Have you ever wondered why God turned from Jesus on the cross??? Why did Jesus hang there and cry out to heaven, “My God, my God, WHY HAVE YOU FORSAKEN ME?”
I’ve listened to the high and lofty sermons, “It was because God had to turn his back on SIN”, and how it was at that moment the “sins of the world was placed on Jesus” Recently in service during the praise and worship I received a revelation from God, I believe. Jesus, the son of man, was God in the flesh sent to remove the SINS of the world. In order to be a man He had to be able to identify with every man, every woman in all situations and in all conditions. How could we feel the complete love of Christ if He could not identify with us in EVERY situation? If Jesus had never experienced the desperate “aloneness” of feeling that God had left Him how could He know the desperate feeling in someone’s heart of one that feels abandoned? Our relationship with God, in a large part, is shaped by our relationship with our earthly father.

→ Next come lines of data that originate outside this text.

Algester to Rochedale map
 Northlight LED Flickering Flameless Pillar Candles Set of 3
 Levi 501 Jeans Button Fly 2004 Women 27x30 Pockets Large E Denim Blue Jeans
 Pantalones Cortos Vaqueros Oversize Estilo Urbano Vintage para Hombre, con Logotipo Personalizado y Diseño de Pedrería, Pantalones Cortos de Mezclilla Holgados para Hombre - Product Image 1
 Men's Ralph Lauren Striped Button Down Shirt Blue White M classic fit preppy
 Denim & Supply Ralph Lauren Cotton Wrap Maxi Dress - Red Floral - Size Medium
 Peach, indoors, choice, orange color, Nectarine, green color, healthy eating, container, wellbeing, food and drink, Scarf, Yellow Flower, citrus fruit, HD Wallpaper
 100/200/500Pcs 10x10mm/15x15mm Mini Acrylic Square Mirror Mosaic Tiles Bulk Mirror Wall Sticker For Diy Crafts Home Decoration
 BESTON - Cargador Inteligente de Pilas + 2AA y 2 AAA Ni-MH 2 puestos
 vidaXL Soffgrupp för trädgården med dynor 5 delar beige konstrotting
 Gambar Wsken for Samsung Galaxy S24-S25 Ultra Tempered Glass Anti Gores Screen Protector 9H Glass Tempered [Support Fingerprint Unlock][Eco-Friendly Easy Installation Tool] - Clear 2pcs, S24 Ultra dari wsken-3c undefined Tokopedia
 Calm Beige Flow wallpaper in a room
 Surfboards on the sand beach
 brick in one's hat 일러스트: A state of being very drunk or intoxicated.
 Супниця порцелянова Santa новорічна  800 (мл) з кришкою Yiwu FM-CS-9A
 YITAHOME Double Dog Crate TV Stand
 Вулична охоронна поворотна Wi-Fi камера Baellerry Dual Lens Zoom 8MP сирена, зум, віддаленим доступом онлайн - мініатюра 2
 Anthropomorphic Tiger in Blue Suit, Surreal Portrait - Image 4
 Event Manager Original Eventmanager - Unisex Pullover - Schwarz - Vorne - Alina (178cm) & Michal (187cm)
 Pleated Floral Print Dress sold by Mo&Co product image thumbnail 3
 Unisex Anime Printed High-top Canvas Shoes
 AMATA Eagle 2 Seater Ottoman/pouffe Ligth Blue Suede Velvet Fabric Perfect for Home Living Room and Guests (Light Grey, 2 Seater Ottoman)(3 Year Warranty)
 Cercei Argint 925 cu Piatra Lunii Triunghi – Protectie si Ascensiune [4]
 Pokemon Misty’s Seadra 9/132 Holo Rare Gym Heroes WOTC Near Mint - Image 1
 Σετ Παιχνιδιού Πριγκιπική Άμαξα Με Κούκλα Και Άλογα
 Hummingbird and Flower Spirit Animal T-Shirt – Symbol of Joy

Children with no father around, or an abusive father feel alone and seperated from their father’s love. Then with that shaping a person’s relationship with their heavenly Father in the middle of hard and hateful situations they EXPECT the Father to turn away and this person does as they have always done trying to work out their own solutions. Does God say NO sometimes? You bet because that is what is best for us. You don’t believe that? Ask Jesus in the garden when He BEGGED Father God to allow the “cup to pass from Him.” God knew what Jesus the lamb of God would have to endure in order to redeem all of mankind and through love God said, “No.”
People in the most horrendous situations feel abandoned by everyone, God included, and the crushing aloneness, desperation, suicidal feelings, and complete dispair is something Jesus had to be able to identify with. It is at that point a person will either turn to God, or turn from God. It is then that our faith in God must be the strongest. I have had many challenges and losses in my life. The challenges before my salvation had me by the throat and feeling everyone and everything was against me. Everything bad that was what “God did to me”, and good that happened was a good stroke of luck. I always thought that I was a good person and I had a good heart. The things I thought I wanted wasn’t what I needed so God said no. Each step, circumstance, and revelation lead me to the day of my redemption.
After my salvation I have been learning, slowly, how God is shaping me. Like the water shapes the rock it is slow but steady. It is my desire to seek the face of God and move my heart to His. Jesus sacrifice at the cross has taught me to ask my desires of God, through prayer, and finish with not my will but Your will, Lord because You see what is needful.